Problem to work on: Pick out the lines in the listing below that contain the word "Blue" and copy them.

**** Available data

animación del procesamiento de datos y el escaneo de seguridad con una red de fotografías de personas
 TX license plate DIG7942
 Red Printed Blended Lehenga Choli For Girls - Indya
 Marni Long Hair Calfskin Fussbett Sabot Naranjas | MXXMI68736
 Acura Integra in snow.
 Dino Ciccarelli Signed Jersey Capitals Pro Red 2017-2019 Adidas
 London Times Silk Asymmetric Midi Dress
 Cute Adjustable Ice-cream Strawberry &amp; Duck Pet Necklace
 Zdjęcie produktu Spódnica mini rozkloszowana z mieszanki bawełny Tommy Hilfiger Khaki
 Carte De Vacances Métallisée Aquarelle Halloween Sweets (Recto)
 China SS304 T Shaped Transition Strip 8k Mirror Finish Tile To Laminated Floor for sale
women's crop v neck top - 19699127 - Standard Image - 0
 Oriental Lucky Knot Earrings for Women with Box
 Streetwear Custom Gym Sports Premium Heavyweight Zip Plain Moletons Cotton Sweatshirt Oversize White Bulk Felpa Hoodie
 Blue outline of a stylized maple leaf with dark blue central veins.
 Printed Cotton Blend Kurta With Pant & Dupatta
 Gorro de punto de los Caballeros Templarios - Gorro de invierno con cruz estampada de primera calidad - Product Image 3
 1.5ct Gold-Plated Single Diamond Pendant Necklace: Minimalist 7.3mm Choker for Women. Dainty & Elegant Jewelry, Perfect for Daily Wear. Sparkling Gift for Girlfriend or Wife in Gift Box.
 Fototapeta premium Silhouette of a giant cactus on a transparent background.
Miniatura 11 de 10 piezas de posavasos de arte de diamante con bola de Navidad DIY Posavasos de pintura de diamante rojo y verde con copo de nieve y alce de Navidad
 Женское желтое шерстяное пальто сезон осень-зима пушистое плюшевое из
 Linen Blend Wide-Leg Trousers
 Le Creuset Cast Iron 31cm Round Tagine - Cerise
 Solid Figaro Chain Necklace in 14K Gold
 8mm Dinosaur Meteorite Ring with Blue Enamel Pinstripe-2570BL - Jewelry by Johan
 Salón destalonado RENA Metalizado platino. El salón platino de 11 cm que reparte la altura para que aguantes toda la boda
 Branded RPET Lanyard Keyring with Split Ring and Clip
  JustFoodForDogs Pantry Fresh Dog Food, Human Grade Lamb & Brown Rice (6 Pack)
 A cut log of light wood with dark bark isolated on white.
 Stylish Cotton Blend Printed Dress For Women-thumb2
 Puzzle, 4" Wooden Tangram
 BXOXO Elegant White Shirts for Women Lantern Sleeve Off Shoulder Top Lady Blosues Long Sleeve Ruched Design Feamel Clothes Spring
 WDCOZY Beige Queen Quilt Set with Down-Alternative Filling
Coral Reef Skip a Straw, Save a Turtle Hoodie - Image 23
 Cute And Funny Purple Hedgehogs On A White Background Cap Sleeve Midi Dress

********

Completed exercise:
 Blue outline of a stylized maple leaf with dark blue central veins.
 8mm Dinosaur Meteorite Ring with Blue Enamel Pinstripe-2570BL - Jewelry by Johan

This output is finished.